Originally published on March 31, 2006
USC ended a season of hard bumps by setting things to cruise control.
The Gamecocks, whose lack of depth and rocky regular-season performance appeared to ruin a promising year, never flinched Thursday when they swatted Michigan 76-64 for their second consecutive National Invitation Tournament championship. USC became the first team to win back-to-back NIT titles since St. John's did it in 1943 and '44.
"No. 1 was great. But No. 2 is the best, baby," said Renaldo Balkman, who was named the tournament's most outstanding player. "Come back for another one. We love this thing."
Never miss a local story.
Reaching the NIT hardly was the Gamecocks' preseason goal. Several players said during the preseason that an NCAA Tournament bid was a foregone conclusion. But that was months before USC stumbled to a 6-10 record in SEC play and lost four of its final five regular-season games.
The Gamecocks, however, were just getting started. They upset Tennessee and Kentucky on the way to an appearance in the SEC tournament final then won two NIT games on the road to reach the semifinals at Madison Square Garden.
USC, which won five games in January and February, was 9-1 in March.
The Gamecocks proved Thursday they not only had forgotten the past, but it might have been their top source of motivation.
"This team went through so much," Tarence Kinsey said. "That's the biggest thing about this."
USC's undisputed leaders, Kinsey and Tre' Kelley, scored 21 and 20 points, respectively. Balkman, whose high-energy style earned him as many cheers as boos during the NIT, had 10 points, 11 rebounds and a career-high six blocks.
All five starters played at least 32 minutes. USC's bench options the past four games, since senior forward Antoine Tisby was suspended for violating team policy, were whittled to three scholarship players.
The Gamecocks looked like a team that had it all figured out Thursday. They made 53.3 percent of their shots in the first half and continued a run of careful ball handling and tough defense. USC, which entered Thursday having averaged six turnovers in its past three NIT games, committed 13 miscues against the Wolverines.

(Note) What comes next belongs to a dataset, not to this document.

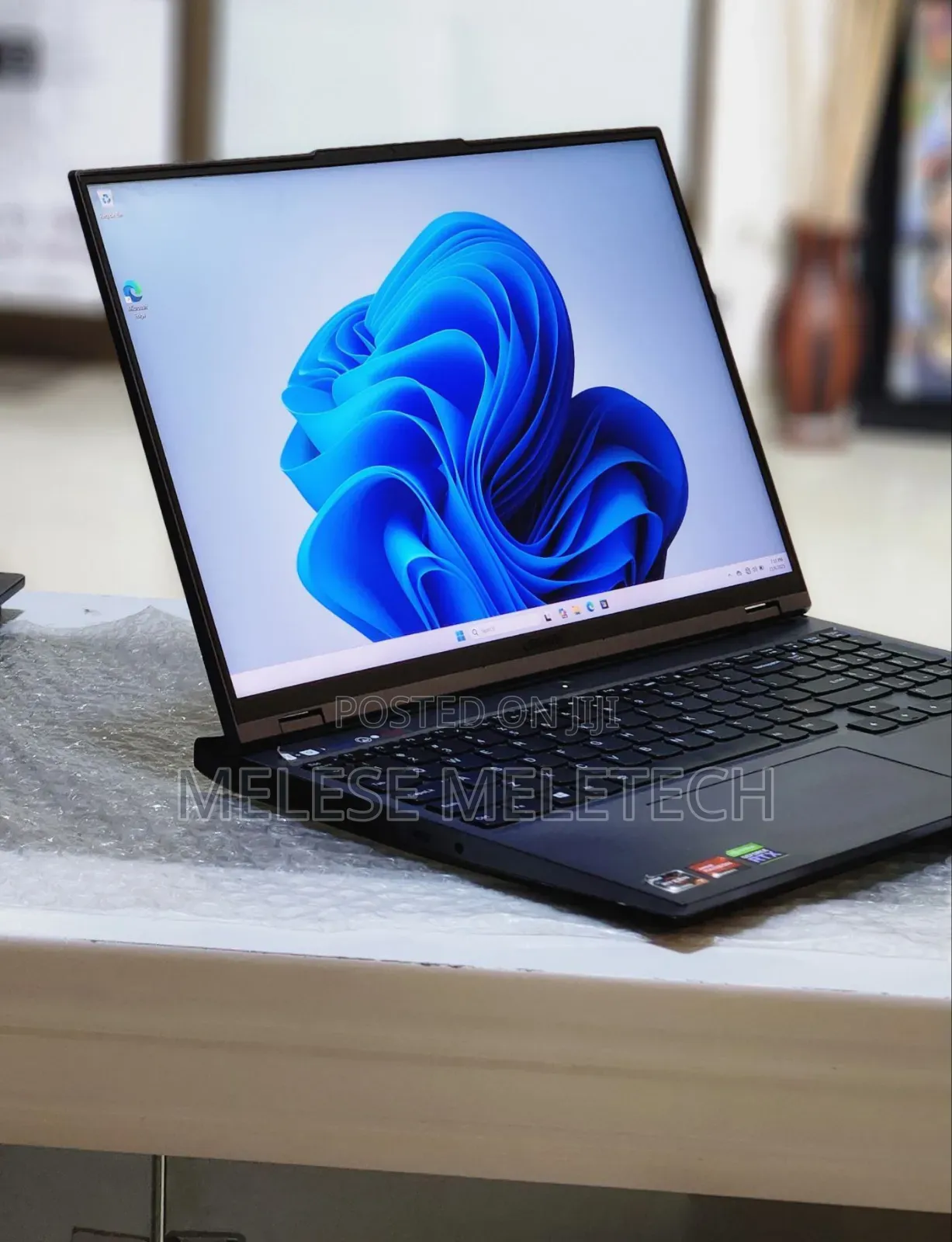 New Laptop Lenovo Legion 5 16GB AMD Ryzen 7 SSD 1T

Michigan never seemed to shake its title-game jitters. Guard Daniel Horton, who had streaks of at least 40 consecutive free throws this season, made 1 of 4. Wolverines coach Tommy Amaker said Horton's bad luck was a signal Michigan might never catch up with the surging Gamecocks.
"You need things to go your way when you're down like that," Amaker said.
USC's victory lacked the drama of last year's championship, when Kinsey hit a 3-pointer as time expired to defeat St. Joseph's. The Gamecocks needed 6:37 to build a double-digit lead against the Wolverines, who trailed by as many as 17 in the second half.
USC coach Dave Odom acknowledged that his team, which finished the regular season tied for fifth in the six-team SEC East, waited until the postseason the past two seasons to play its best.
"Madison Square Garden has been good to the Gamecocks," said Dave Odom, whose third NIT championship came on the same night he won his 100th game at USC. "But we've also been good to it."
So good the Gamecocks have made it an almost- yearly tradition. The team has reached the NIT semifinal round in three of Odom's five seasons.
A third consecutive NIT championship, however, will not be atop USC's priority list next season, Kinsey said. But for a team as unpredictable as the Gamecocks, the senior shooting guard said anything is possible.
"I don't want to see them three-peat," Kinsey said. "I'd rather see them in the NCAA (Tournament).
"But if they get here again, might as well."